··· DATA PROVIDED ···

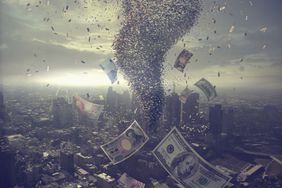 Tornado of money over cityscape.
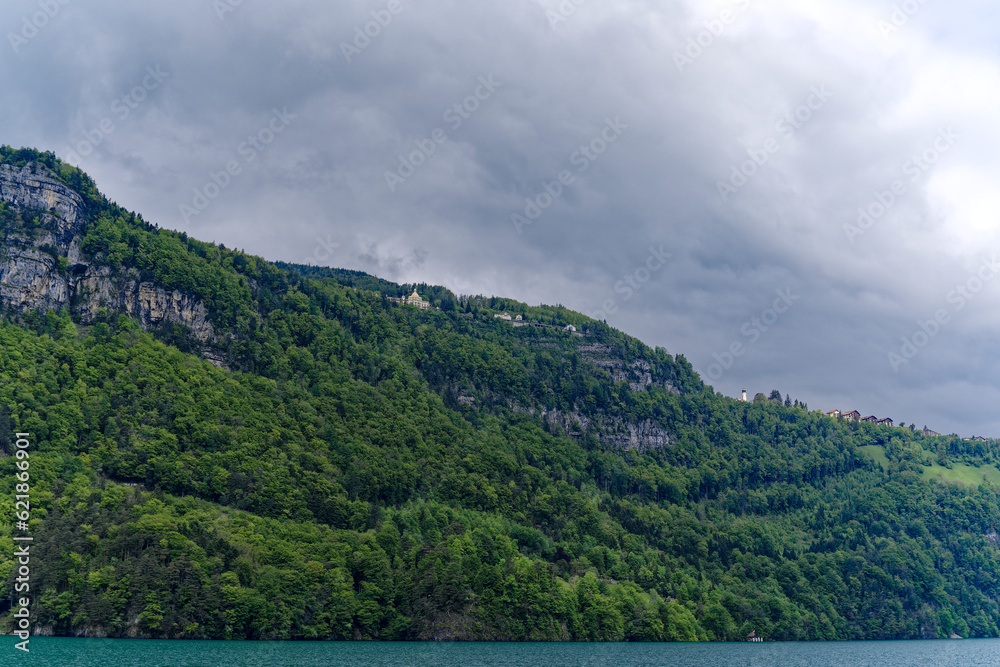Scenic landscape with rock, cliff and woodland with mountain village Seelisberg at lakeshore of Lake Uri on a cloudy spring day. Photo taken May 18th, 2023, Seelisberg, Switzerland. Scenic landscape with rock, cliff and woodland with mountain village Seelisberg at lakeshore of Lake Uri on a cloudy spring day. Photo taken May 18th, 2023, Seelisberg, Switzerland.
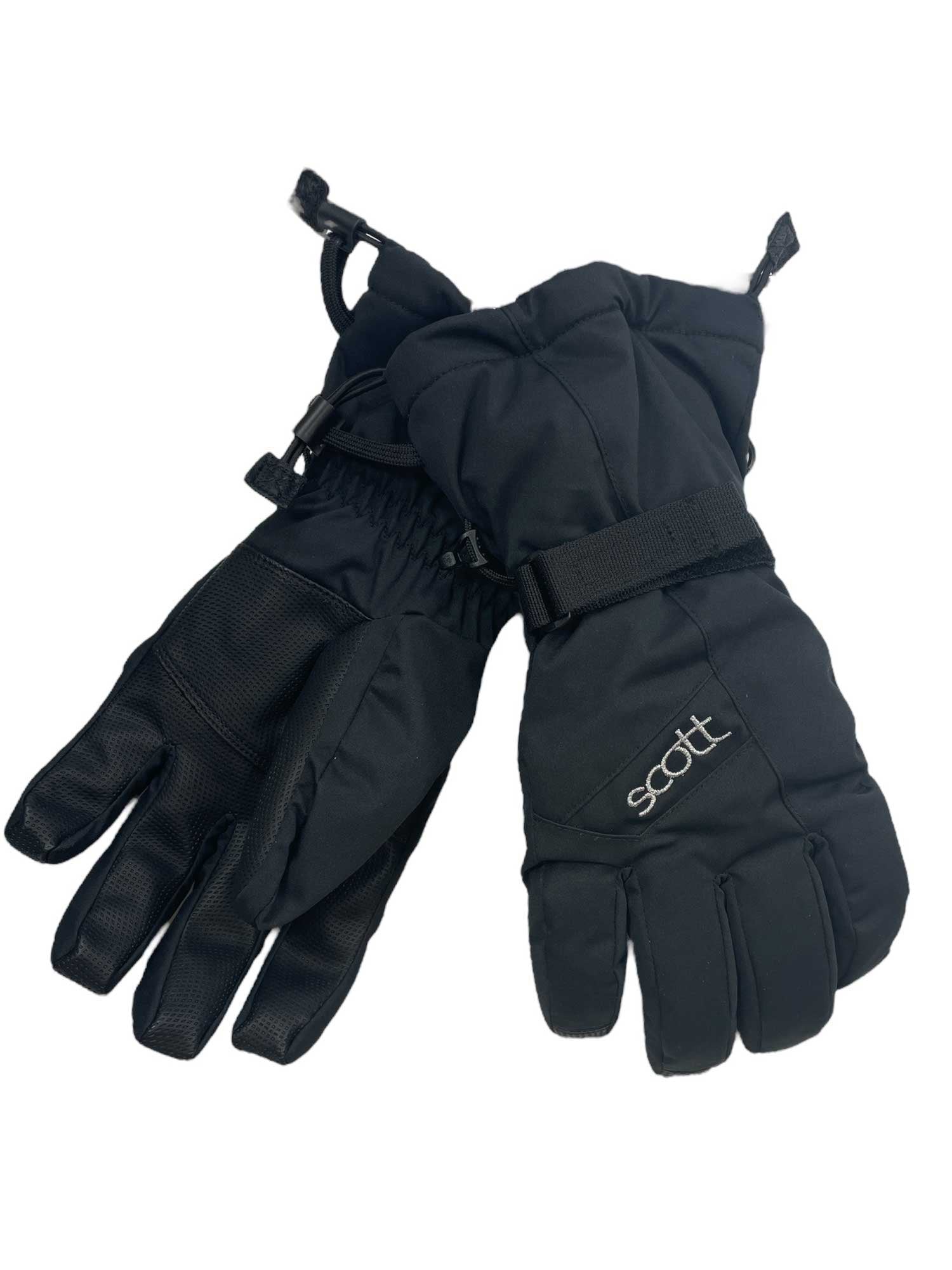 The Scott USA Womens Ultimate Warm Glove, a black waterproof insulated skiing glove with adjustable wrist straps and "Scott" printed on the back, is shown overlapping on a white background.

···
··· DATA PROVIDED ···

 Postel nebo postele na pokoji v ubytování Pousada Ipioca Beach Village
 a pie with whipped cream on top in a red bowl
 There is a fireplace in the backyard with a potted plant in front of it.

···

# [WHAT TO WORK ON]
Look back at the entries above and repeat, unchanged, every line from the line holding "Postel nebo postele" through the line holding "There is a fireplace".

# [ANSWER BELOW]
 Postel nebo postele na pokoji v ubytování Pousada Ipioca Beach Village
 a pie with whipped cream on top in a red bowl
 There is a fireplace in the backyard with a potted plant in front of it.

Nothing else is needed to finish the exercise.